“You don’t seem to have many friends around here”, my husband said (certainly not meaning to offend me but also unaware that he was now relegated to the couch for the next several nights.) I got mad for a minute, and then realized he was right.
I don’t have many friends. And I’m totally good with that.
When I was younger and single, having a large group of friends and being busy was really important to me. So much so that I was out every night, spending way too much money and getting seriously little amounts of sleep. But I was never happy, and never quite comfortable in my own skin. I had a large circle, but little substance.
Today, I’m a working mom, a writer, a wife, a volunteer—those are the things I hold most dear. I go out with my girlfriends once every month or so and can count the ones I share my deepest secrets with on just a couple of fingers. My closest friends aren’t even here—they’re the ones who knew me when, who know me now, and who have loved me through it all.
I tried finding a big mama tribe for a while. But finding friends is a lot like dating. You meet someone, and you instantly click, only to find a few months down the road that you don’t have nearly as much in common as you thought. Like a new romance, you stop calling and texting as much and gradually you go back to being strangers. Sometimes, you have to date a bit to find the real deal, “the one,” and is this case, your tribe.
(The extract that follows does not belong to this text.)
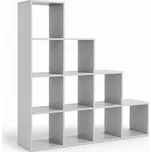 Vasagle Úložná police, regál KALLA, 129,5x29x129,5cm, bílá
I like it this way. My husband and I are mostly homebodies. We love to spend time with our kids. Neither one of us is much for small talk, and we can’t hang much past ten. Our close friends get that and love us anyway. They’re relationships built on many years of sports, work and wives (him), and time in the trenches, temper tantrums and occasional feelings of inadequacy (me). There’s no holds barred, brutal honesty, laughter and tears. There’s no more pressure to dress to impress or be the best at anything.
When I realized that I didn’t need to have all the things or all the friends I cut way back and just felt secure.
The friends I do have are close because we accept each other exactly as we are. We don’t put on airs (hell, sometimes we don’t even put on real pants) when we see each other. There are commonalities and differences, but at the core, our values are the same. We spend real time together when we can and we talk about everything. Topics range from our husbands, our kids to reality TV and real life—not the pretty painted picture we want to present to the outside world. It’s good. It’s comfortable. And it’s small. I have a tribe of friends and mamas that I can call on at any time. They are the best because they are the real thing.
I’m OK if I’m not part of the larger group because life is too short for faux friendships. There is a weight lifted when you can just “be”, and not spend all your time trying way too hard to fit into a place you don’t really want to be. A tribe is your people—near or far, frequent or sporadic. We build each other up and love each other all the way through this crazy, wonderful journey of motherhood.